---------- Provided material

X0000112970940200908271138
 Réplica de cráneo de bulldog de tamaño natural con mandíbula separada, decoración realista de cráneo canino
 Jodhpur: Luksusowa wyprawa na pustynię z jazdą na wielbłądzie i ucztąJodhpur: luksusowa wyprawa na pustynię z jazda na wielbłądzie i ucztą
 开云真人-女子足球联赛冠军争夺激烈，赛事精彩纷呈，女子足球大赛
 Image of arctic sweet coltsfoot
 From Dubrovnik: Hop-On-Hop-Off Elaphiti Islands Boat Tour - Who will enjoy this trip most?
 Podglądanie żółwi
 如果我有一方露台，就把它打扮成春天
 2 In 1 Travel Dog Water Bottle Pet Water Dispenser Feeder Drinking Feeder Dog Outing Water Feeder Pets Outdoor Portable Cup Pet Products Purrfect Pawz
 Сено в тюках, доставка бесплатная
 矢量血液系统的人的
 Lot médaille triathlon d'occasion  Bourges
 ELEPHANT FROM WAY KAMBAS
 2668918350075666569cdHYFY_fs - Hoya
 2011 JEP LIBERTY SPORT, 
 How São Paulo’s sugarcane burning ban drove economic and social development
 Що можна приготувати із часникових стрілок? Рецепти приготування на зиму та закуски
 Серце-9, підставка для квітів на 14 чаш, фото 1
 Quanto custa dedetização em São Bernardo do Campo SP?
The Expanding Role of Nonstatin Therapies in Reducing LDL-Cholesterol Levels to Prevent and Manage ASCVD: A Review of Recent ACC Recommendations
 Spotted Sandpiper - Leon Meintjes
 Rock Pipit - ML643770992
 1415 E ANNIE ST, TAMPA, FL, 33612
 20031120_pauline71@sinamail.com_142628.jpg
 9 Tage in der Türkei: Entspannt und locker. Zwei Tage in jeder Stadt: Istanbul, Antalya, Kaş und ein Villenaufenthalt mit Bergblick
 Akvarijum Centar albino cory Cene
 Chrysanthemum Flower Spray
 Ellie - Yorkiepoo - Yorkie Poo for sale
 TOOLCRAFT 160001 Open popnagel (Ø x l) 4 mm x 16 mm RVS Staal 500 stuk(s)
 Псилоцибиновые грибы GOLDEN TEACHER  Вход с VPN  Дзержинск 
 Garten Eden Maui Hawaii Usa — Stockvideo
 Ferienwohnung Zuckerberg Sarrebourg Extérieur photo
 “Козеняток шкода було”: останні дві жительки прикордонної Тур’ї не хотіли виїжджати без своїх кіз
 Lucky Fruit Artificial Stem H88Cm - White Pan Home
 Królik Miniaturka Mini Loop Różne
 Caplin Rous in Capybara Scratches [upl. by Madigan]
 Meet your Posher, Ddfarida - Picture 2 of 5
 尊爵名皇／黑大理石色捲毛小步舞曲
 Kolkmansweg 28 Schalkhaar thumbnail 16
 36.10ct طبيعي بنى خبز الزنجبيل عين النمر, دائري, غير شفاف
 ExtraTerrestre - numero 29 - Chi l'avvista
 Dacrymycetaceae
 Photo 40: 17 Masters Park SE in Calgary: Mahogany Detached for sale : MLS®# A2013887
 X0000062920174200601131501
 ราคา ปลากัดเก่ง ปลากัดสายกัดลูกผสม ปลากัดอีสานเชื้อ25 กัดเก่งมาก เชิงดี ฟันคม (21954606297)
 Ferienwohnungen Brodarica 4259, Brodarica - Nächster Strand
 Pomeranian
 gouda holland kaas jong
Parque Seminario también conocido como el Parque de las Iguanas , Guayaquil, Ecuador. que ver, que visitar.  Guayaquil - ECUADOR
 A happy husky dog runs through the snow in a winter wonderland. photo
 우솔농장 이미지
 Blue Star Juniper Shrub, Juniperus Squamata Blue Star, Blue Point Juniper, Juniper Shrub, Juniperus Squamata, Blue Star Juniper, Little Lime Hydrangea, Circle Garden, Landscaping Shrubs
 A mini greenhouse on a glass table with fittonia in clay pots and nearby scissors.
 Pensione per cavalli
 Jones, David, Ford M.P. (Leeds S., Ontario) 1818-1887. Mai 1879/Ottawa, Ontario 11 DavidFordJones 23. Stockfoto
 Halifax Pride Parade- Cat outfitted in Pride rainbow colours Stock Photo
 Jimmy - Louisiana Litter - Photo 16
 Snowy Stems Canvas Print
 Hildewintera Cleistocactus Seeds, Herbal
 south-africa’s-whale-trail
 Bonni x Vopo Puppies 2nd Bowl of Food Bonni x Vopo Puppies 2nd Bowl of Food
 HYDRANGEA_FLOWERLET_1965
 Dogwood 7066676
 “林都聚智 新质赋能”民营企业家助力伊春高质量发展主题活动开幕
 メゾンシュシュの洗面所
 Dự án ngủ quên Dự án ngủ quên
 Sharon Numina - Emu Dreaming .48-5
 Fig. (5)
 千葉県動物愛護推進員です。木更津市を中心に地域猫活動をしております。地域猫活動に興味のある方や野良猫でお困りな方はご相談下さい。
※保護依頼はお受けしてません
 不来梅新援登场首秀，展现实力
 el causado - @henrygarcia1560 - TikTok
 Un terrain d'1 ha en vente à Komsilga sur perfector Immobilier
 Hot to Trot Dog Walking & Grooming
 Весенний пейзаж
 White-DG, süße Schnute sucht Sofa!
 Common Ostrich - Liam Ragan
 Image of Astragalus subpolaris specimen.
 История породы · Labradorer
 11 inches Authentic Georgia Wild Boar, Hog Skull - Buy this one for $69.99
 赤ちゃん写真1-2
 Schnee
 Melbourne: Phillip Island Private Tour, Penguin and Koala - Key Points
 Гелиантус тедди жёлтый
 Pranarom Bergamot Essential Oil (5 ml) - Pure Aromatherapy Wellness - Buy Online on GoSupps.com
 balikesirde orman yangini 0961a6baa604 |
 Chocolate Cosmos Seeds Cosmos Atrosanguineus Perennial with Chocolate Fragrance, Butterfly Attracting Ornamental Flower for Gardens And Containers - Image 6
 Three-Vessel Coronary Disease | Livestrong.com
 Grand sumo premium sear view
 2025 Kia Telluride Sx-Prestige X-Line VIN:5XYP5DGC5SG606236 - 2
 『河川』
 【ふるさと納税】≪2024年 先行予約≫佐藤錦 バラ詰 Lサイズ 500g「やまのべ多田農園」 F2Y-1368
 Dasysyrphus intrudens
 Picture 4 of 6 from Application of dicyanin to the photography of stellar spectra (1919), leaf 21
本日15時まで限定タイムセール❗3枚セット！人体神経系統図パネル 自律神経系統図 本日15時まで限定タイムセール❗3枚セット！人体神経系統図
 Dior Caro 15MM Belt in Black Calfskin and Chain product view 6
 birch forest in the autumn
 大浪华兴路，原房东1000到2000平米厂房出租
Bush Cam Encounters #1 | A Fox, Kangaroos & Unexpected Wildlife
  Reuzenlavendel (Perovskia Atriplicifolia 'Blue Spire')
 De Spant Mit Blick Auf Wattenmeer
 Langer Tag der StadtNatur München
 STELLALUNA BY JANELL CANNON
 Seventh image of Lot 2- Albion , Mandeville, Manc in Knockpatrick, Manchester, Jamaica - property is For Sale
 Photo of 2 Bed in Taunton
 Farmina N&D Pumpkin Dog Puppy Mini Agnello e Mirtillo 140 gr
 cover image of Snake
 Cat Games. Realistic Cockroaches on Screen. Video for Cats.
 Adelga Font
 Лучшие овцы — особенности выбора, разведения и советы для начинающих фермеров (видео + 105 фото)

--------------------

**Task to complete**
Repeat all of the entries above exactly.

**Output for this task**
X0000112970940200908271138
 Réplica de cráneo de bulldog de tamaño natural con mandíbula separada, decoración realista de cráneo canino
 Jodhpur: Luksusowa wyprawa na pustynię z jazdą na wielbłądzie i ucztąJodhpur: luksusowa wyprawa na pustynię z jazda na wielbłądzie i ucztą
 开云真人-女子足球联赛冠军争夺激烈，赛事精彩纷呈，女子足球大赛
 Image of arctic sweet coltsfoot
 From Dubrovnik: Hop-On-Hop-Off Elaphiti Islands Boat Tour - Who will enjoy this trip most?
 Podglądanie żółwi
 如果我有一方露台，就把它打扮成春天
 2 In 1 Travel Dog Water Bottle Pet Water Dispenser Feeder Drinking Feeder Dog Outing Water Feeder Pets Outdoor Portable Cup Pet Products Purrfect Pawz
 Сено в тюках, доставка бесплатная
 矢量血液系统的人的
 Lot médaille triathlon d'occasion  Bourges
 ELEPHANT FROM WAY KAMBAS
 2668918350075666569cdHYFY_fs - Hoya
 2011 JEP LIBERTY SPORT, 
 How São Paulo’s sugarcane burning ban drove economic and social development
 Що можна приготувати із часникових стрілок? Рецепти приготування на зиму та закуски
 Серце-9, підставка для квітів на 14 чаш, фото 1
 Quanto custa dedetização em São Bernardo do Campo SP?
The Expanding Role of Nonstatin Therapies in Reducing LDL-Cholesterol Levels to Prevent and Manage ASCVD: A Review of Recent ACC Recommendations
 Spotted Sandpiper - Leon Meintjes
 Rock Pipit - ML643770992
 1415 E ANNIE ST, TAMPA, FL, 33612
 20031120_pauline71@sinamail.com_142628.jpg
 9 Tage in der Türkei: Entspannt und locker. Zwei Tage in jeder Stadt: Istanbul, Antalya, Kaş und ein Villenaufenthalt mit Bergblick
 Akvarijum Centar albino cory Cene
 Chrysanthemum Flower Spray
 Ellie - Yorkiepoo - Yorkie Poo for sale
 TOOLCRAFT 160001 Open popnagel (Ø x l) 4 mm x 16 mm RVS Staal 500 stuk(s)
 Псилоцибиновые грибы GOLDEN TEACHER  Вход с VPN  Дзержинск 
 Garten Eden Maui Hawaii Usa — Stockvideo
 Ferienwohnung Zuckerberg Sarrebourg Extérieur photo
 “Козеняток шкода було”: останні дві жительки прикордонної Тур’ї не хотіли виїжджати без своїх кіз
 Lucky Fruit Artificial Stem H88Cm - White Pan Home
 Królik Miniaturka Mini Loop Różne
 Caplin Rous in Capybara Scratches [upl. by Madigan]
 Meet your Posher, Ddfarida - Picture 2 of 5
 尊爵名皇／黑大理石色捲毛小步舞曲
 Kolkmansweg 28 Schalkhaar thumbnail 16
 36.10ct طبيعي بنى خبز الزنجبيل عين النمر, دائري, غير شفاف
 ExtraTerrestre - numero 29 - Chi l'avvista
 Dacrymycetaceae
 Photo 40: 17 Masters Park SE in Calgary: Mahogany Detached for sale : MLS®# A2013887
 X0000062920174200601131501
 ราคา ปลากัดเก่ง ปลากัดสายกัดลูกผสม ปลากัดอีสานเชื้อ25 กัดเก่งมาก เชิงดี ฟันคม (21954606297)
 Ferienwohnungen Brodarica 4259, Brodarica - Nächster Strand
 Pomeranian
 gouda holland kaas jong
Parque Seminario también conocido como el Parque de las Iguanas , Guayaquil, Ecuador. que ver, que visitar.  Guayaquil - ECUADOR
 A happy husky dog runs through the snow in a winter wonderland. photo
 우솔농장 이미지
 Blue Star Juniper Shrub, Juniperus Squamata Blue Star, Blue Point Juniper, Juniper Shrub, Juniperus Squamata, Blue Star Juniper, Little Lime Hydrangea, Circle Garden, Landscaping Shrubs
 A mini greenhouse on a glass table with fittonia in clay pots and nearby scissors.
 Pensione per cavalli
 Jones, David, Ford M.P. (Leeds S., Ontario) 1818-1887. Mai 1879/Ottawa, Ontario 11 DavidFordJones 23. Stockfoto
 Halifax Pride Parade- Cat outfitted in Pride rainbow colours Stock Photo
 Jimmy - Louisiana Litter - Photo 16
 Snowy Stems Canvas Print
 Hildewintera Cleistocactus Seeds, Herbal
 south-africa’s-whale-trail
 Bonni x Vopo Puppies 2nd Bowl of Food Bonni x Vopo Puppies 2nd Bowl of Food
 HYDRANGEA_FLOWERLET_1965
 Dogwood 7066676
 “林都聚智 新质赋能”民营企业家助力伊春高质量发展主题活动开幕
 メゾンシュシュの洗面所
 Dự án ngủ quên Dự án ngủ quên
 Sharon Numina - Emu Dreaming .48-5
 Fig. (5)
 千葉県動物愛護推進員です。木更津市を中心に地域猫活動をしております。地域猫活動に興味のある方や野良猫でお困りな方はご相談下さい。
※保護依頼はお受けしてません
 不来梅新援登场首秀，展现实力
 el causado - @henrygarcia1560 - TikTok
 Un terrain d'1 ha en vente à Komsilga sur perfector Immobilier
 Hot to Trot Dog Walking & Grooming
 Весенний пейзаж
 White-DG, süße Schnute sucht Sofa!
 Common Ostrich - Liam Ragan
 Image of Astragalus subpolaris specimen.
 История породы · Labradorer
 11 inches Authentic Georgia Wild Boar, Hog Skull - Buy this one for $69.99
 赤ちゃん写真1-2
 Schnee
 Melbourne: Phillip Island Private Tour, Penguin and Koala - Key Points
 Гелиантус тедди жёлтый
 Pranarom Bergamot Essential Oil (5 ml) - Pure Aromatherapy Wellness - Buy Online on GoSupps.com
 balikesirde orman yangini 0961a6baa604 |
 Chocolate Cosmos Seeds Cosmos Atrosanguineus Perennial with Chocolate Fragrance, Butterfly Attracting Ornamental Flower for Gardens And Containers - Image 6
 Three-Vessel Coronary Disease | Livestrong.com
 Grand sumo premium sear view
 2025 Kia Telluride Sx-Prestige X-Line VIN:5XYP5DGC5SG606236 - 2
 『河川』
 【ふるさと納税】≪2024年 先行予約≫佐藤錦 バラ詰 Lサイズ 500g「やまのべ多田農園」 F2Y-1368
 Dasysyrphus intrudens
 Picture 4 of 6 from Application of dicyanin to the photography of stellar spectra (1919), leaf 21
本日15時まで限定タイムセール❗3枚セット！人体神経系統図パネル 自律神経系統図 本日15時まで限定タイムセール❗3枚セット！人体神経系統図
 Dior Caro 15MM Belt in Black Calfskin and Chain product view 6
 birch forest in the autumn
 大浪华兴路，原房东1000到2000平米厂房出租
Bush Cam Encounters #1 | A Fox, Kangaroos & Unexpected Wildlife
  Reuzenlavendel (Perovskia Atriplicifolia 'Blue Spire')
 De Spant Mit Blick Auf Wattenmeer
 Langer Tag der StadtNatur München
 STELLALUNA BY JANELL CANNON
 Seventh image of Lot 2- Albion , Mandeville, Manc in Knockpatrick, Manchester, Jamaica - property is For Sale
 Photo of 2 Bed in Taunton
 Farmina N&D Pumpkin Dog Puppy Mini Agnello e Mirtillo 140 gr
 cover image of Snake
 Cat Games. Realistic Cockroaches on Screen. Video for Cats.
 Adelga Font
 Лучшие овцы — особенности выбора, разведения и советы для начинающих фермеров (видео + 105 фото)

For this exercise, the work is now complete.